# [Work item]
All lines from the one containing "Casa con 11" through the final line of the listing below, and no others, must be returned exactly; no pictures belong in the copy.

# [Supplied data]
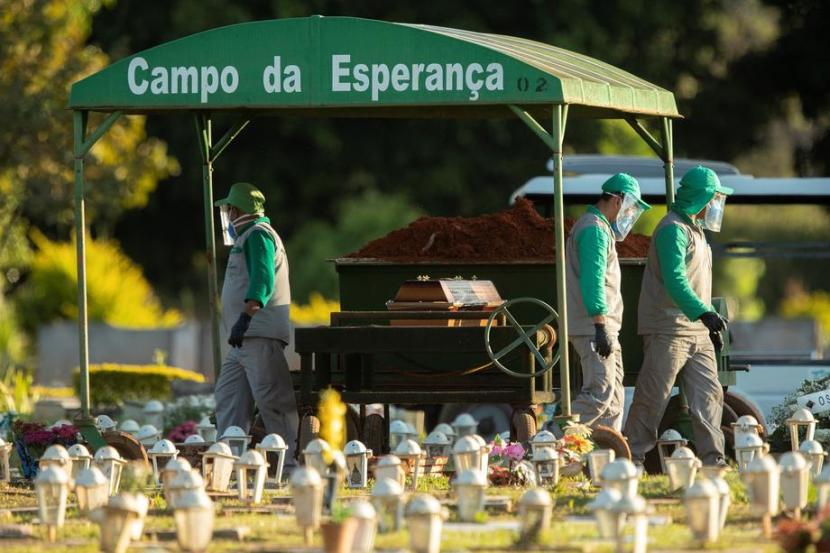 Petugas di pemakaman Campo de Esperanza di Brasilia, Brasil. Angka kematian akibat Covid-19 di Brasil terus bertambah. WHO menyatakan Benua Amerika jadi episentrum baru pandemi Covid-19. 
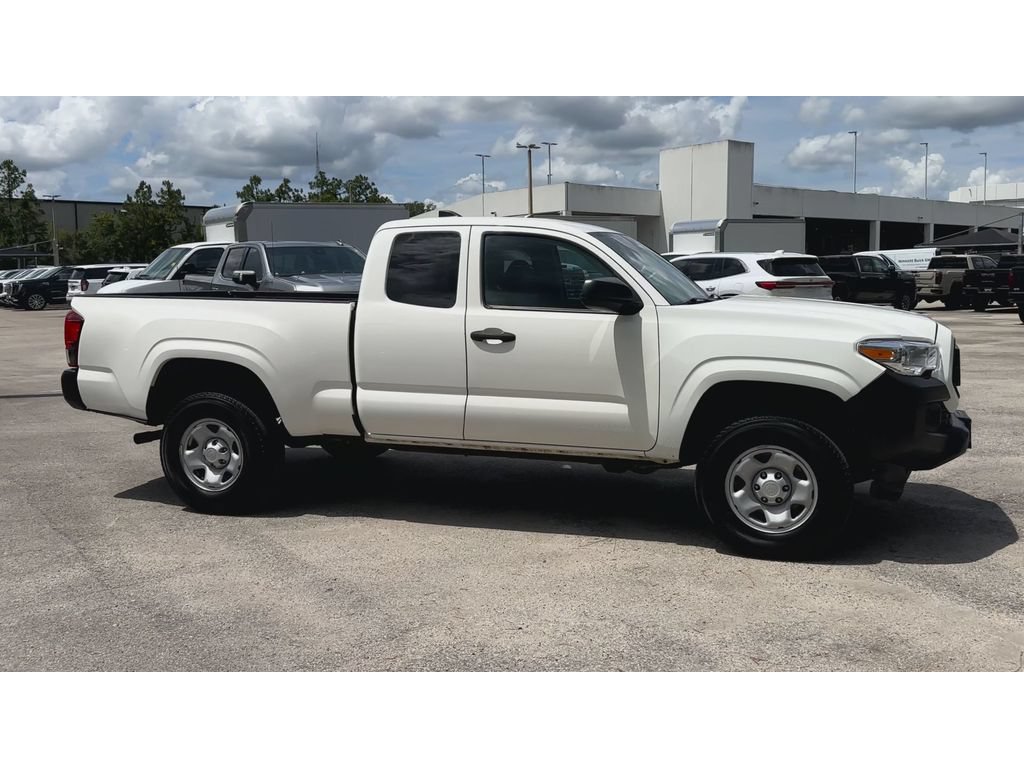 Used 2021 Toyota Tacoma SR AWD/4WD image 2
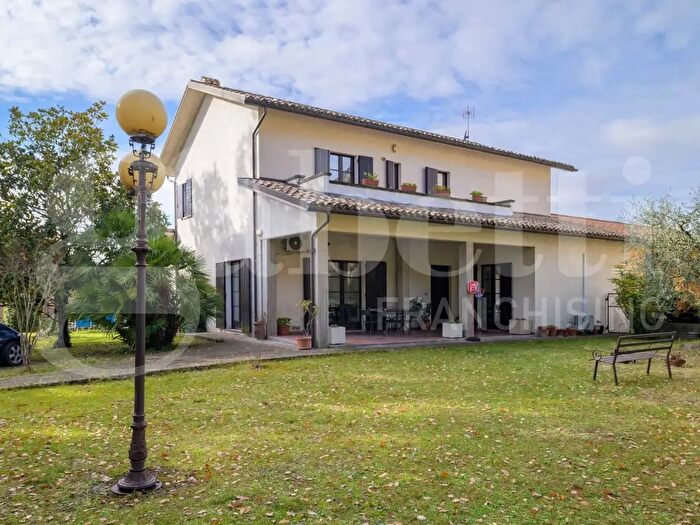 Casa con 11 locali in vendita in Via Fontecese, Gubbio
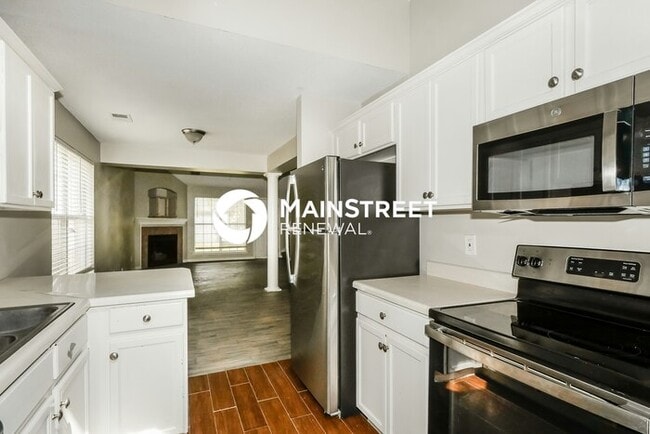 4 Bedroom Pet-Friendly Home in cordova, TN with Main Street Renewal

# [Task output]
 Casa con 11 locali in vendita in Via Fontecese, Gubbio
 4 Bedroom Pet-Friendly Home in cordova, TN with Main Street Renewal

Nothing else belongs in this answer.